We test the trained residual network with the newly-generated data with the parameters sampled from the same distributions as one of the training data. Figure 5 is the scatter plot comparing the true values with the predicted values. We can see that the neural network can recover the true values reasonably well.

In order to evaluate the performance quantitatively, let us define the average and standard deviations of the error as

	$\displaystyle\overline{\delta Q}$	$\displaystyle\coloneqq\frac{1}{N}\sum_{n=1}^{N}\left(Q^{\mathrm{pred}}_{n}-Q^{\mathrm{true}}_{n}\right)\,,$		(34)
	$\displaystyle\sigma[\delta Q]$	$\displaystyle\coloneqq\sqrt{\frac{1}{N}\sum_{n=1}^{N}\left(Q^{\mathrm{pred}}_{n}-Q^{\mathrm{true}}_{n}\right)^{2}}\,,$		(35)

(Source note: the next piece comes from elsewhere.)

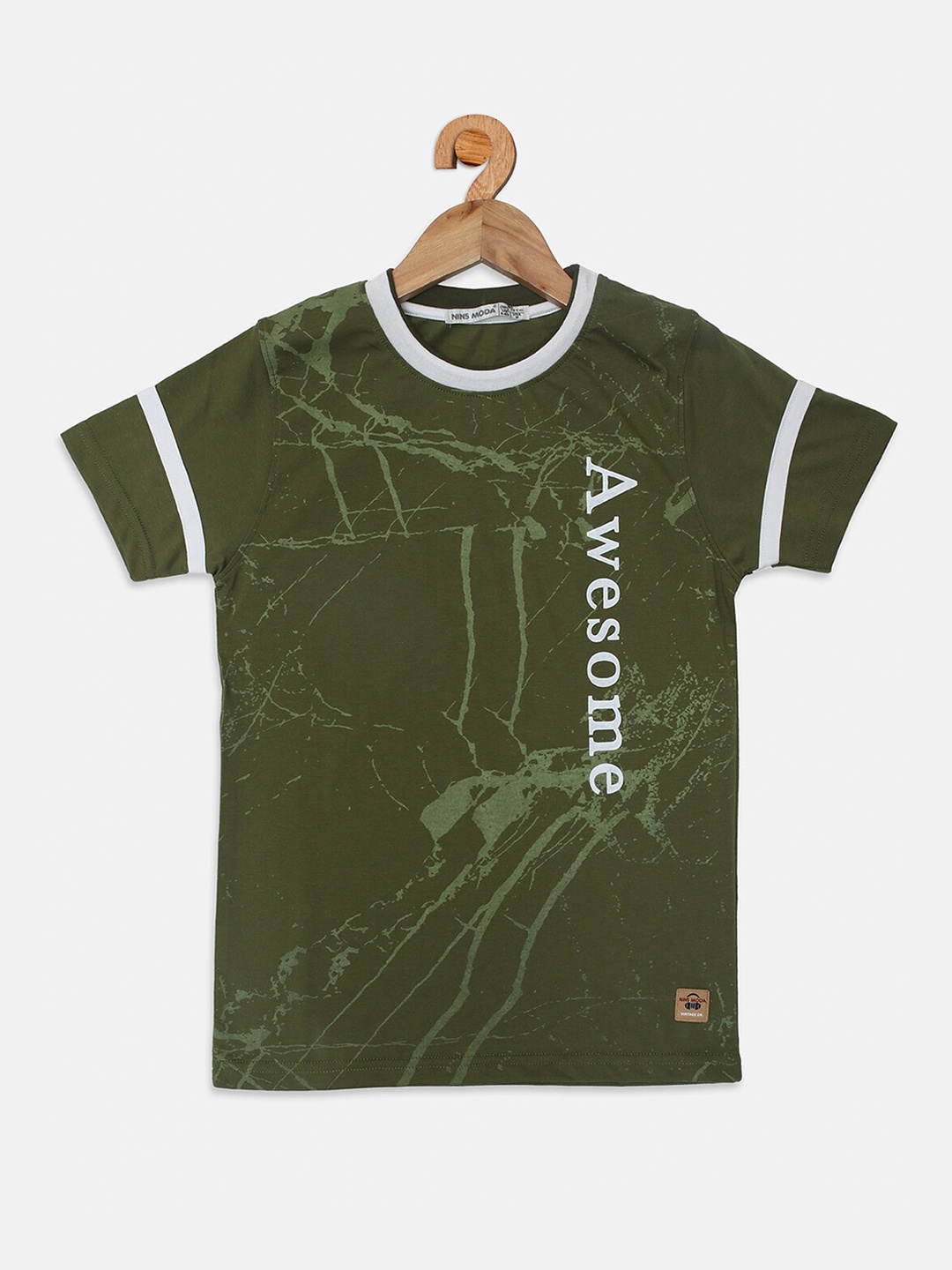 

Nins Moda Boys Olive Green Printed T-shirt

where $N$ is the number of the test data, $Q^{\mathrm{pred}}_{n}$ and $Q^{\mathrm{true}}_{n}$ are respectively the predicted value and the true value of the quantity $Q=\{\log_{10}\xi,\rho\}$ of the $n$ th test data. Table. 5 shows $\overline{\delta Q}$ and $\sigma[\delta Q]$ obtained by using 500 test data. The duty cycle and SNR are randomly sampled from a uniform distribution on $\log_{10}\xi\in[-2,0]$ and $\rho\in[1,60]$ . For both the duty cycle and the SNR, $\overline{\delta Q}$ is much smaller than $\sigma[\delta Q]$ . From this, we can conclude that the neural network predicts the duty cycle and the SNR without bias.

Table 5: Averages and standard deviations of errors in

\log_{10}\xi

and

\rho

$\overline{\delta\log_{10}\xi}$	$\sigma[\delta\log_{10}\xi]$	$\overline{\delta\rho}$	$\sigma[\delta\rho]$
$-1.29\times 10^{-5}$	0.11	$-8.90\times 10^{-2}$	2.97

To further check the performance in detail, in the left panel of Fig. 6, we plot the average errors of $\log_{10}\xi$ (top) and $\rho$ (bottom) for different fiducial parameter values. The error bars indicate their standard deviations. To make this plot, we sample $\log_{10}\xi$ from $-2$ to $0$ by the interval of $0.5$ . For each duty cycle, we prepare datasets with SNR $10$ , $30$ , and $50$ . Each dataset contains $500$ realizations. Note that we do not use the relative error for $\log_{10}\xi$ because the target value can be close to zero, which causes divergence in the relative error. First, we find from both left panels that the error variance reasonably increases as the SNR decreases. The estimation of the duty cycle and SNR seems not to be biased except when the fiducial value is at the border of the training range ( $\log_{10}\xi=0$ and $-2$ ), and the SNR is small ( $\rho=10$ ).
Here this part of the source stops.